*Exercise instructions*: Every record must appear in your reply exactly as written.
(Provided information Opens)
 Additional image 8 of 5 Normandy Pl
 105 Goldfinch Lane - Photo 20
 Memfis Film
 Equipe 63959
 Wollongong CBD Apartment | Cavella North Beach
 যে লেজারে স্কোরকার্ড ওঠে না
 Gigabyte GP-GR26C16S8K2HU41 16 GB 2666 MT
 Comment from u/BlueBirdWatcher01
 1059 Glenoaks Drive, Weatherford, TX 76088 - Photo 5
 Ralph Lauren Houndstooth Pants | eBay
(Provided information Closes)
*Answer to the problem*:
 Additional image 8 of 5 Normandy Pl
 105 Goldfinch Lane - Photo 20
 Memfis Film
 Equipe 63959
 Wollongong CBD Apartment | Cavella North Beach
 যে লেজারে স্কোরকার্ড ওঠে না
 Gigabyte GP-GR26C16S8K2HU41 16 GB 2666 MT
 Comment from u/BlueBirdWatcher01
 1059 Glenoaks Drive, Weatherford, TX 76088 - Photo 5
 Ralph Lauren Houndstooth Pants | eBay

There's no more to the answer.